December 31 – Core Story. What central story is at the core of you, and how do you share it with the world? (Bonus: Consider your reflections from this month. Look through them to discover a thread you may not have noticed until today)
I think it’s pretty obvious what my core story has been over the past year. In general, I’m hyper-critical of myself. End of story.
Of course, this only fuels some of my self-conscious nature even moreso. But I think it really says something when one of my friends brought it to my attention after she was reading up on some of my reverb10 entries:
Her: “I think you’re far too hard on yourself.”
Her: “You are very self critical.”
Me: “Go easy on me. There’s a lot more coming as you go.
Her: “I’ll go easier on you than you will on yourself.”

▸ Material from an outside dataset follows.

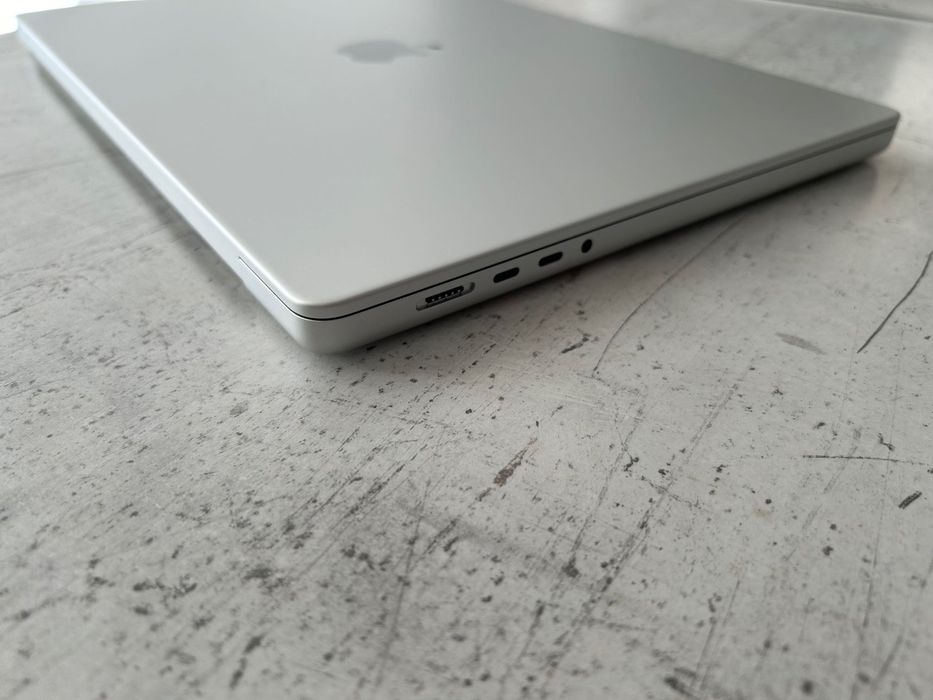 MacBook Pro 16" M3 MAX 14-CPU, 30-GPU, 36GB RAM, 1TB SSD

When I even point it out jokingly, I think I need to realize it’s not really a joke. I joke because it’s true, but I think also because then I feel I don’t have to do anything about it. I’m going to die a neurotic wreck if I keep this up. Harnessing this for good, and not allowing it to be self-defeating, is really the lesson of the year.
P.S. What’s the deal with hypocritical and hypercritical? The prefixes hypo- and hyper- are opposites in nature, but hypocritical (more specifically hypocrisy) doesn’t even derive itself from the prefix-modifed critical, really.